Nobel season is upon us — and with it, a chance to elevate figures that help make our world a better place and, through their selection, to issue a statement on the most important issues and innovations of our time. Despite a regrettable number of ignoble nominations, this year’s Nobel Peace Prize found two deeply worthwhile winners in journalists Maria A. Ressa, a fall 2021 fellow at the Kennedy School, and Dmitry A. Muratov. The pair was recognized for their efforts to “safeguard freedom of expression” in their respective home countries, the Philippines and Russia.

We extend our enthusiastic congratulations to the winners, both for the award and for the brave careers that led to it. Ressa’s (very recent) affiliation with Harvard is a point of pride and excitement for our university; we are deeply lucky to have her with us for the fall. Ressa is a trailblazer, and a brave one at that. After a successful career as CNN’s bureau chief in Manila and Jakarta, she founded Rappler, a digital media company that has covered the Philippines’ President Rodrigo Duterte’s extrajudicial killings and inspired his ire.
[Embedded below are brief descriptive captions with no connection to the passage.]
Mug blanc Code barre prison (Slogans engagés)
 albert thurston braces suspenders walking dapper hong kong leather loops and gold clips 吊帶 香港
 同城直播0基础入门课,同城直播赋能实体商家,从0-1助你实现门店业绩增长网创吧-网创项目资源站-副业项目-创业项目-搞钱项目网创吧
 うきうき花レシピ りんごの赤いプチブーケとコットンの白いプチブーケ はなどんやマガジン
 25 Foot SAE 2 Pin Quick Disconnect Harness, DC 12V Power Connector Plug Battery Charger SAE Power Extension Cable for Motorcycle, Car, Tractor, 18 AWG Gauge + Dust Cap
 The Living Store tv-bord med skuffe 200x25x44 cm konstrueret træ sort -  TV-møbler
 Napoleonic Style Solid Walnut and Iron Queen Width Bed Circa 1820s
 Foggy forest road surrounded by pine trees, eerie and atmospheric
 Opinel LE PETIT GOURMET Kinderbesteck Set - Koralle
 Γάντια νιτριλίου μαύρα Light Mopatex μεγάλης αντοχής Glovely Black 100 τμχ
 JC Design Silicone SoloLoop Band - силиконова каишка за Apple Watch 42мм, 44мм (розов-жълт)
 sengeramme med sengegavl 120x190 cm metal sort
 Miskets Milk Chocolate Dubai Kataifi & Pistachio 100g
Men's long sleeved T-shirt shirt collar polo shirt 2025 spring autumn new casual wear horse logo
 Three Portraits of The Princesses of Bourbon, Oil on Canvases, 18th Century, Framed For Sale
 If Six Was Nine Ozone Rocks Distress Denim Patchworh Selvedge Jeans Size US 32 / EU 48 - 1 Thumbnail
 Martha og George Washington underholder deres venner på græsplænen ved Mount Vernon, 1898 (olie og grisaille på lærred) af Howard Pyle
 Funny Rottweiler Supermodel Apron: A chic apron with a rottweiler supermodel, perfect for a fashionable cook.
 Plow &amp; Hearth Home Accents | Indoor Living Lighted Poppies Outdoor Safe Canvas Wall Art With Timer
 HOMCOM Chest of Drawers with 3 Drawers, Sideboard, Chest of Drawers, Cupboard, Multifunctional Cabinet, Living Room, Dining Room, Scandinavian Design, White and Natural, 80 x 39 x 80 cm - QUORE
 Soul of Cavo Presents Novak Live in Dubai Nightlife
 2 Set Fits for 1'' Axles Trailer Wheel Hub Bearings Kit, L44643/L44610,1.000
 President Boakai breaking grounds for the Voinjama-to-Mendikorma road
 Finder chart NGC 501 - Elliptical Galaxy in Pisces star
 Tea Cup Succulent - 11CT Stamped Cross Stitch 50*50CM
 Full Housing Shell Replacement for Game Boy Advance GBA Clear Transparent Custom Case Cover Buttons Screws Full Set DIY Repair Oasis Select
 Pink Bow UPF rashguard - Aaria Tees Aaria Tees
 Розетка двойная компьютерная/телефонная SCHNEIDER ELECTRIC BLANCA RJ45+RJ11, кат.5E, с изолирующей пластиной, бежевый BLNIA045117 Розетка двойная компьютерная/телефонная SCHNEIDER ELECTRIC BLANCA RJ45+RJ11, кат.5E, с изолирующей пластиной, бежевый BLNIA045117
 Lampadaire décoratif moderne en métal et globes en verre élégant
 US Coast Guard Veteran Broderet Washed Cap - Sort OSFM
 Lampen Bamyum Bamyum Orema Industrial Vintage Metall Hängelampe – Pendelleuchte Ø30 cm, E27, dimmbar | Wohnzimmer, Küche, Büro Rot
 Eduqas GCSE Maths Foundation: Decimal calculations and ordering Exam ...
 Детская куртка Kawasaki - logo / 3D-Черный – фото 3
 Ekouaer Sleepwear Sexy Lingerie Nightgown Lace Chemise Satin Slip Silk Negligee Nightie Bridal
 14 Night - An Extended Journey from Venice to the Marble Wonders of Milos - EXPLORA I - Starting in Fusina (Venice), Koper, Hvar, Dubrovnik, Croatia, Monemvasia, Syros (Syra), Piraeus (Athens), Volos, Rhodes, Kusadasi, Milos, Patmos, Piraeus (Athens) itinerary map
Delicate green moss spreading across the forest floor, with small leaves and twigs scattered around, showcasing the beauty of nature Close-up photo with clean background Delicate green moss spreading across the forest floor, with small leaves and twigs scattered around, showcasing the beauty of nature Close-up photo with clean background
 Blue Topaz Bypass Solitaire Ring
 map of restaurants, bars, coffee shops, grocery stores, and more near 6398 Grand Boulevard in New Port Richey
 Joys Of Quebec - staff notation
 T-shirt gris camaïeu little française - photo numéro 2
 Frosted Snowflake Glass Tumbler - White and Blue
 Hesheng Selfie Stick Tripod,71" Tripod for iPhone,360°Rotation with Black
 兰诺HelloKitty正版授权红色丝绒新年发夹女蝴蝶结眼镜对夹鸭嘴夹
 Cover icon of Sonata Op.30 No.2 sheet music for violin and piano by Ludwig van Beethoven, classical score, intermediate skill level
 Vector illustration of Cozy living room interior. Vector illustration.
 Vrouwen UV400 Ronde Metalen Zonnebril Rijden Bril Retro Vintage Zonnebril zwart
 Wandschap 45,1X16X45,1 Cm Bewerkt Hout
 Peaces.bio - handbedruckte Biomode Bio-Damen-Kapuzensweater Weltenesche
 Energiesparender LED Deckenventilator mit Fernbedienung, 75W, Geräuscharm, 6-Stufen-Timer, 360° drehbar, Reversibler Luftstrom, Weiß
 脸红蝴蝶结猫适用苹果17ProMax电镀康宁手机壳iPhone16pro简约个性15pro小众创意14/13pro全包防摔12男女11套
Rappler’s investigations have shone a light on the country’s corruption and illiberalism; for her work, Ressa has had the charge of “cyber libel” laid at her feet, as if to underscore its urgency.

Despite only affiliating with our campus recently, Ressa represents, in many ways, everything a Harvard affiliate should be. With last Friday’s award, she became both the only woman to receive a Nobel prize this year and the only Filipino to ever do so for her individual work, a historic first that is also worth celebrating. The members of our own newspaper, as both Harvard students and budding journalists, have a lot to learn from her relentless commitment to bringing the truth to light.

Yet according to the Nobel Committee, the prize is meant to recognize and celebrate more than Ressa and Muratov’s own impressive work. A press release announcing the winners described the laureates as “representatives of all journalists” who strive to protect freedom of information and democracy in an increasingly hostile world, lauding the entire profession.

Honoring journalism in such an explicit manner, going as far as deeming it crucial to the survival of democracy and peace, might seem grandiose. Yet it’s a choice we deeply appreciate. Oslo’s analysis of the vital role of the free press rings particularly true in an era of democratic backsliding and petty authoritarianism. In Ressa’s own words, her award is an explicit acknowledgment that “a world without facts means a world without truth and trust;” a darker, more intolerant world where disinformation and falsified narratives color our perspectives and polarize society — our world, arguably.

Broadly accepted facts represent the backbone of democracy, offering the kind of shared understanding of society upon which healthy, non-delusional political debate is rooted. A healthy, fair, and free press is key to achieving that.

Of course, the pursuit of truth isn’t confined to newsrooms. As a truth-seeking institution with “veritas” for our motto, Harvard has much to learn from this year’s laureates. Our university must reflect on its role in building a set of common, shared facts for the country and the world. As a (perhaps the) preeminent knowledge factory, we must strive to produce and spread scholarship in a manner that allows it to be widely shared and accepted by non-Cantabrigians despite our polarized times.

This Nobel season, Oslo has left us to chew on the importance of a free press, and called attention to the ratcheting threat to democracy and journalists worldwide. Amidst this darkness, Maria Ressa and Dmitry Muratov shine a light.

This staff editorial solely represents the majority view of The Crimson Editorial Board. It is the product of discussions at regular Editorial Board meetings. In order to ensure the impartiality of our journalism, Crimson editors who choose to opine and vote at these meetings are not involved in the reporting of articles on similar topics.